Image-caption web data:

◆ ◆ ◆

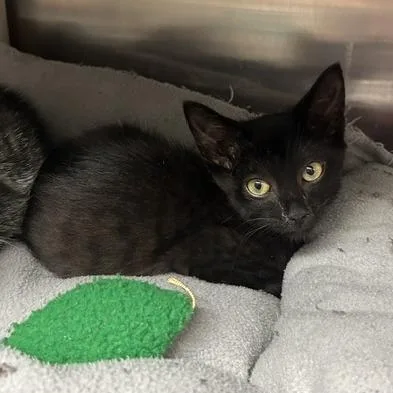A baby small-sized male Black Domestic Short Hair cat named Razz for adoption in Knoxville, TN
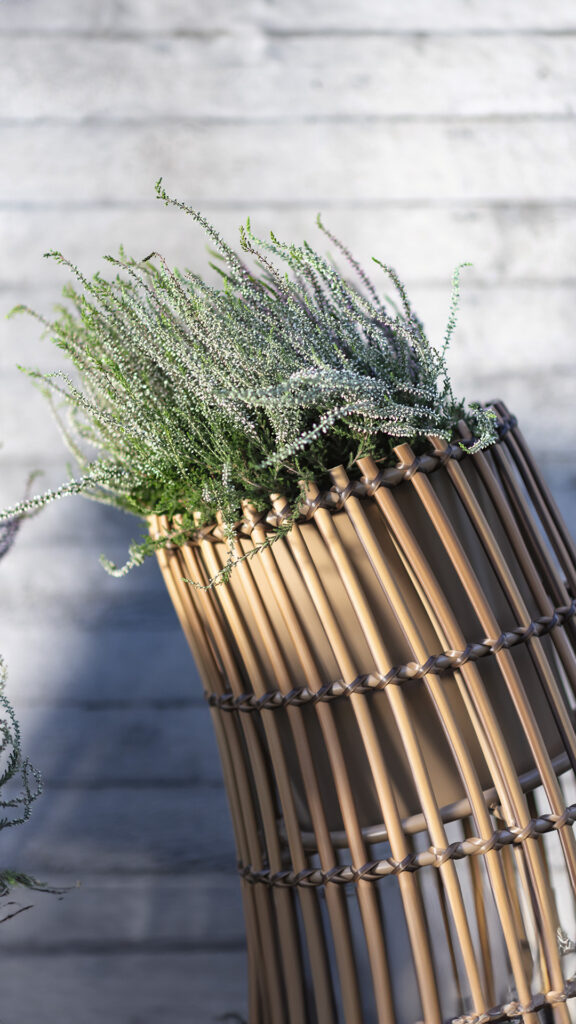 22831 CYCLONE Skyline Design LARGE PLANTER MUSHROOM 15 mm 04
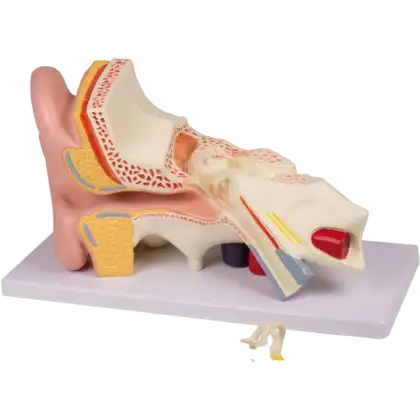 Modèle d'oreille en 4 parties Erler Zimmer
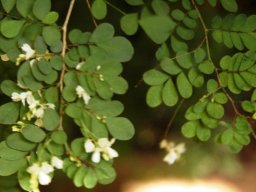 Indigofera micrantha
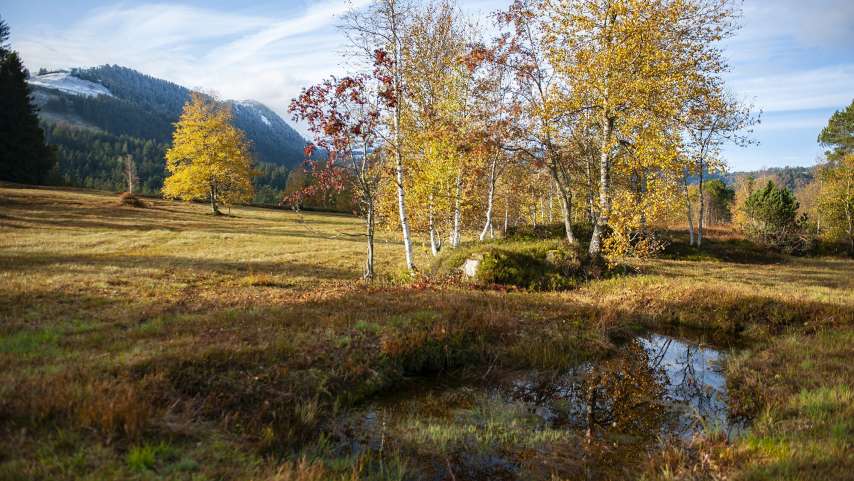 Airbnb erhebt neu Kurtaxen im Kanton St. Gallen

◆ ◆ ◆

YOUR GOAL => Retype the entries word for word. Omit any images.

TASK RESPONSE =>
A baby small-sized male Black Domestic Short Hair cat named Razz for adoption in Knoxville, TN
 22831 CYCLONE Skyline Design LARGE PLANTER MUSHROOM 15 mm 04
 Modèle d'oreille en 4 parties Erler Zimmer
 Indigofera micrantha
 Airbnb erhebt neu Kurtaxen im Kanton St. Gallen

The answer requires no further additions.